Trump now presents a global narrative of ideological danger, decay, chaos and despair. He cites the episodic evidence of criminal outbreaks — police deaths in Dallas and Baton Rouge, ISIS-related massacres in California and Florida. He offers Hillary Clinton as the source of the vortex of violence. And he presents himself as the remedy.

Without a national campaign staff, a real campaign plan, or any modesty in temperament or behavior, he nevertheless keeps attention riveted on himself through one unexpected, often outlandish statement, after another. Yesterday, for instance, after assuring the nation of the “love” and “unity” gained at a Cleveland Republican convention that achieved neither, Trump criticized Ted Cruz, who refused to endorse him, calling the Texas Senator “dishonorable,” and suggesting as he did in the spring that Cruz’s father was an intimate of Lee Harvey Oswald. His source: The National Enquirer, which Trump called “a magazine that, in many respects, is respected.”

The madness that is Donald Trump, whose outsize ego and ruthless business strategy was well-known to New Yorkers for two generations, almost perfectly reflects what happens following 30 years of dogma that have unhinged the values and principles of an ideologically fixated Republican Party. Republican orthodoxy has come to represent lingering racism, dangerous suspicion of science, obstructionism, heed to the rich over the middle class, allegiance to dirty fuel, mindless “no new taxes” austerity, and rejection of public investments for public purposes.

Trump’s convention promoted much of that and especially of hate – of immigrants, of ISIS, of Hillary Clinton, of the idea that stable government is an asset. Trump’s execution of the convention showed sloppiness, poor planning, lack of energy, weak discipline. He portrayed himself as bellicose and flawless. He stoked fear among his supporters and his opponents.

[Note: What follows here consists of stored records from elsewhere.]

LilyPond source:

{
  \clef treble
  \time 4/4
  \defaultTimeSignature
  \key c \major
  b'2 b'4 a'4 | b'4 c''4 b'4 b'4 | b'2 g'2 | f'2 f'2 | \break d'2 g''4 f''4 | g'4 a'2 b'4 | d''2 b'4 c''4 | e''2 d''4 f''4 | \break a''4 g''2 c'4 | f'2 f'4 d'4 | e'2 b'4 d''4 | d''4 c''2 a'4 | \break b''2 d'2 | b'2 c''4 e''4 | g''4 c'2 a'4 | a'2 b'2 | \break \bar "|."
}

His case, no matter from which side it’s viewed, is disturbing. Could he really win?

— Keith Schneider

One thought on “Refuse To Give In To The Darkness

  1. Trump didn’t just appear out of nowhere. We watched and laughed as he was branded. And Trump didn’t materialize just in the last year.
    WalMart made shopping cheap and billions for it’s owners and we watched as they shuttered local stores.
    We stood by while liberal arts education became job training for jobs that paid half of what they use to.
    The burden of a healthcare system that doesn’t work was spread amongst all of us and sold as an improvement.
    Democrats along with Republicans kicked environmental devastation down the road with hope that it would change all by itself.
    The GOP certainly wasn’t alone in creating Donald Trump. We all did.